Child care and day care institutions are very much part of family life in contemporary Western societies. Our new generation of parents, especially mothers, have been encouraged to believe that starting a family is no longer an impediment to having an enduring career that is both personally and financially rewarding. It can be an elusive goal, but work-family balance is increasingly becoming feasible, thanks to modern technology, flexible working conditions, and the availability of child care. Recent statistics show that up to 78% of previously working first-time mothers in the United States return to their jobs by the time their babies turn 12 months old, and that the majority of them use child care and family day care centers (Hann et al., 2001, in Harrison and Ungerer, 2002). "Child care" has a broad definition and is not limited to organized, center-based institutions. In fact, it includes any regular non-maternal care of ten hours or more, including care by fathers, grandparents, and other relatives, whether in the home or out of the home (Belsky et al., 2007). It also includes the use of nannies and family day care, wherein a mother cares for her own children and a few others in a home setting.
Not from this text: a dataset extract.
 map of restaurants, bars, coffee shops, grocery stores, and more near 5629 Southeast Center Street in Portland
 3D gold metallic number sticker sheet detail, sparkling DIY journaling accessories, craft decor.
This paper addresses the important factors affecting child care use and its implications for the child's cognitive and social outcomes. Any concerned parent may find useful the theories and research data presented here in terms of knowing how to make child care work for them. The decision on whether to use child care ultimately depends on the parents' needs and circumstances. Some parents do so for financial reasons such as mortgage responsibilities and lifestyle choices. However, the most common reason for using child care is the mother's desire to return to work. Studies show that women who are first-time mothers, highly educated, and have higher socioeconomic status are more likely to return to work earlier than others (Harrison and Ungerer, 2002).
Although society in general still holds the traditional view that mothers are best placed to care for their babies and must therefore sacrifice career for family, there is strong ongoing evidence that mothers care for their children more effectively when they feel secure in whatever role they fulfill, whether as a paid employee or a homemaker. In other words, it is not working or staying at home full-time per se that matters, but the mother's attitude and feelings towards her role. Studies show that role satisfaction — whether as a paid worker or homemaker — is associated with more effective child-rearing experiences (Bronfenbrenner and Crouter, 1991, in Harrison and Ungerer, 2002), whereas role conflict is linked with stress, depression, and less positive mothering experiences (Hock and deMeis, 1990; Pistrang, 1984, in Harrison and Ungerer, 2002).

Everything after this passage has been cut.